A number of innovations have been introduced at Ngqura that will gradually find their way into more general port use across older South African ports. Having been built from scratch has allowed Ngqura to become the only port in South Africa to have a Record of Decision for its construction and operation.
It enabled Ngqura to become the only port subjected to environmental legislation during its entire development and operation.
Other South African ports would find that a difficult challenge to follow, for obvious reasons, but it has enabled Ngqura to adhere to very strict conditions in an environmentally sensitive area of the coast and coastland.
Ironically, what the Eastern Cape port is now celebrating might also have been installed at Durban while the entrance channel was being deepened and widened. The initial intention was to install a device using a fixed venturi type “jet” pipe in the sand trap outside the south breakwater. This would distribute sand caught up by the littoral drift from the south (along the Bluff) and carry it through pipes underneath the entrance channel to be distributed as required all along Durban’s entire Golden Mile - as far as the uMngeni River mouth, or even further, according to the then chief port engineer.
One of the advantages of this scheme was said to be that it would practically eliminate the need for a large fleet of dredgers. This was prior to the ordering of the current fleet of dredgers, Isandlwana, Ilembe and Italeni, that were subsequently ordered from a Dutch specialist shipyard.

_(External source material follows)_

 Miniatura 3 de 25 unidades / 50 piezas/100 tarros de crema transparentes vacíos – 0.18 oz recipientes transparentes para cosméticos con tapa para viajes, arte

As it turned out, the system was installed at the then under-construction port of Ngqura, although information on its progress was not easy to obtain. According to engineers then working at TNPA, the system ran into difficulties as a result of rocks and debris being sucked into the piping installed in Algoa Bay, resulting in blockages that caused the system to stall.
The similar scheme planned for Durban (and Richards Bay) was abandoned, with TNPA placing orders for the new fleet of dredgers and leading to TNPA and the municipality having to enter into lengthy discussions over the need for a new hopper station on or near the north breakwater to accept and distribute the sand delivered by dredgers from the sand trap.
As is well known, this task has taken a long time to achieve some form of conclusion although it remains uncertain whether even this system is working as planned, hence the controversial concentration of sand along uShaka Beach and Vetch’s Pier - although there may be other reasons.
Getting back to Ngqura where the initial problems have apparently been overcome, TNPA says that the system is mimicking the natural longshore drift of sand by means of a computer-controlled sand bypass system consisting of jet (venturi-type?) pumps. Sand is gathered from the up drift (west) section of the coast to the down drift (east) section (the coast hereabouts runs in an east-west direction rather than south-north).
TNPA says that sand captured in a sand trap (on the west side) is pumped via pipelines to a discharge point on the opposite end of the port. Both capturing and discharging occur in the wave zones.
The average amount of sand that will be required to bypass the port entrance at Ngqura will vary between 240000 to 320000 tons a year, and failure to transfer the minimum amount of 240000 tons could result in the port being fined about R10million.
“The system requires a rigid maintenance programme that keeps it going 24 hours a day, seven days a week,” says Freddie Melikhaya, the mechanical engineering technician leading the sand bypass team at the port.
By comparison, the nearby Port Elizabeth must dredge at a rate of 130000 tons a year, Durban at 500000 tons and Richards Bay at a whopping 1.3million tons a year.
This has to be achieved on a planned schedule with contingencies for unplanned maintenance as well as daily planning, scheduling and improving maintenance techniques - all within budget, says TNPA.
“In simple terms the Ngqura system is a ‘fixed dredger’ that operates cost-effectively when compared with a mechanical dredger. Dredging is a crucial aspect of ensuring that vessels can enter and exit the ports safely. It helps to halt beach erosion and sand build-up in the ports. This helps with navigation, flood control, coastal development, mining and environment management.”